Luka a bâti sa carrière grâce à la gestion méthodique de la sécurité de l'État pendant la guerre civile syrienne. Connu localement sous le nom de « L'Araignée » en raison d'un vaste réseau d'informateurs, il a d'abord supervisé la Direction de la sécurité politique à Homs. Pendant le siège gouvernemental des quartiers tenus par les rebelles, son numéro de téléphone était peint sur les murs de la ville, offrant ostensiblement un passage sûr aux résidents. Bien que certains aient réussi à naviguer pour sortir, les habitants rapportent que d'autres qui ont utilisé le contact ont entièrement disparu. Son mandat à Homs a été marqué par de graves accusations, notamment la sélection de cibles lors d'une frappe en septembre 2015 dans le quartier d'al-Waer qui a tué 28 personnes, parmi lesquelles 17 enfants, selon le Réseau syrien pour les droits de l'homme.

Ces opérations ont facilité sa promotion aux plus hauts échelons de l'appareil de sécurité de l'État. En tant que directeur de la Direction générale de la sécurité, Luka a assumé la surveillance stratégique du réseau de détention syrien. Cela comprenait la surveillance des communications à la prison politique de Sednaya, une installation centrale aux politiques d'incarcération du gouvernement. Sanctionné par les États-Unis, le Royaume-Uni et l'Union européenne, il a opéré largement à l'abri des regards publics jusqu'à ce que la chute soudaine du gouvernement Assad ne le force à un départ rapide.

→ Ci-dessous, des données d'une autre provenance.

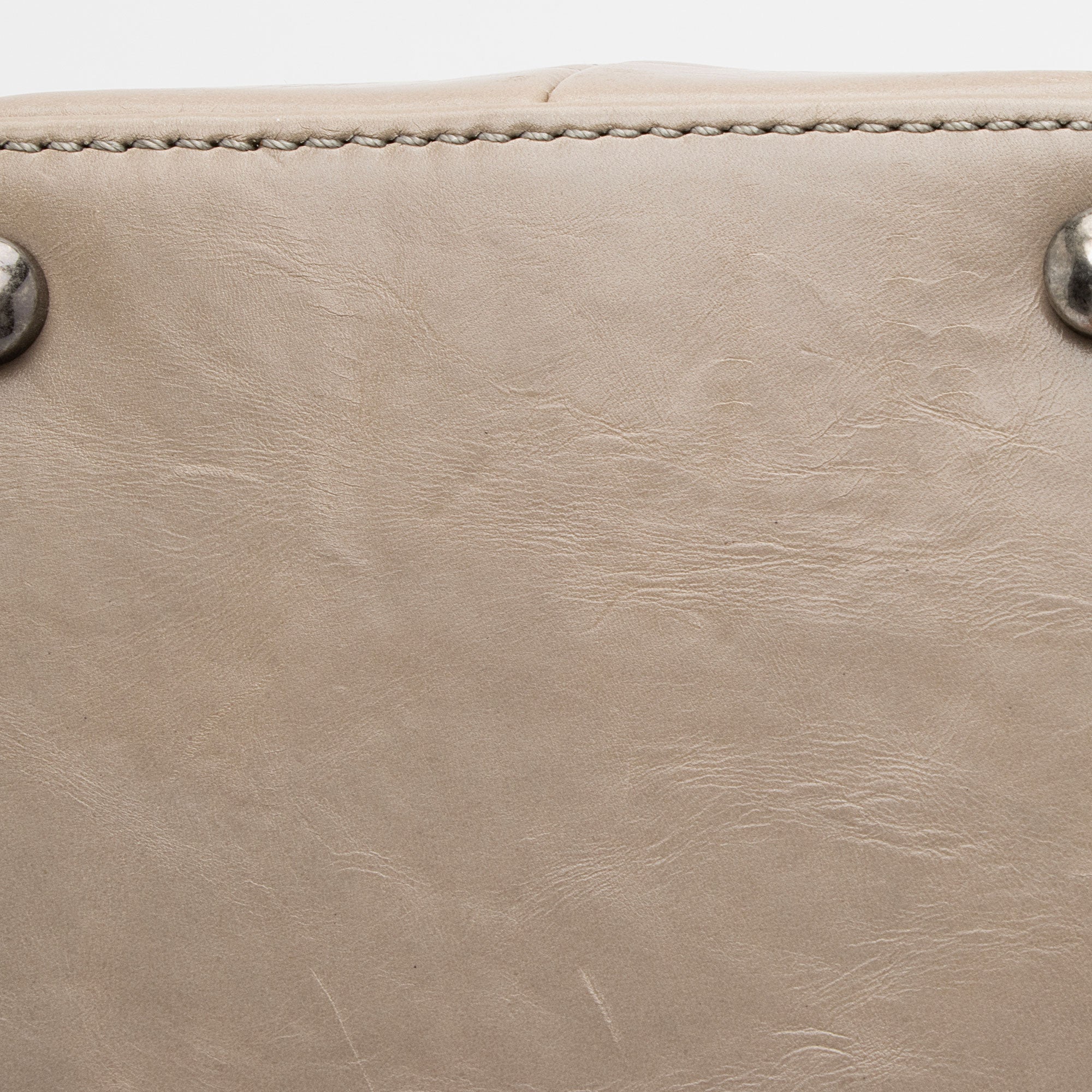 Chanel Iridescent Calfskin VIP Flap Bag (SHF-UvQfgO)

La mécanique de son départ était typiquement pragmatique. Selon un ancien garde du corps, Luka s'est enfui avec des fonds d'un coffre-fort de bureau quelques heures seulement après avoir promis de défendre Damas. Une source gouvernementale libanaise de haut rang a indiqué que l'ancien chef des services de renseignement avait ensuite traversé la frontière vers le Liban en utilisant un passeport russe sous un nom d'emprunt, avant de sécuriser un vol vers la Russie. La présence de récompenses des services de renseignement russes et de correspondance de responsables moscovites dans son appartement abandonné a préfiguré cette trajectoire. En utilisant un numéro de téléphone russe fourni par un contact au Liban, des journalistes ont réussi à joindre Luka, qui a confirmé son identité mais a refusé une interview formelle, citant des risques de sécurité. Le suivi numérique d'un numéro syrien secondaire l'a ensuite localisé dans deux zones résidentielles à la périphérie de la capitale russe.

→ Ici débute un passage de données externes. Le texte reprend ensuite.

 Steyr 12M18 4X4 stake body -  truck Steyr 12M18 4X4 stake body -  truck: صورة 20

Les nouvelles autorités de Damas tentent maintenant d'officialiser la poursuite des anciens responsables. Le procureur général syrien, Hassan al-Turba, a confirmé l'ouverture de procédures judiciaires contre l'ancien chef de la sécurité. Un mandat a été diffusé à l'échelle nationale et nous travaillons à le diffuser également à l'échelle internationale, a déclaré al-Turba, exposant des accusations de meurtre avec préméditation et de torture. Néanmoins, les mécanismes juridiques de la nouvelle administration syrienne sont confrontés à de strictes limites géopolitiques. Le gouvernement russe, qui a fourni un soutien étendu à l'administration Assad, n'a pas répondu aux demandes concernant la résidence de Luka ou la perspective d'une extradition. Pour les familles de ceux qui ont disparu ou péri sous sa juridiction, la distance géographique entre Damas et la banlieue de Moscou représente une barrière insurmontable à une clôture judiciaire.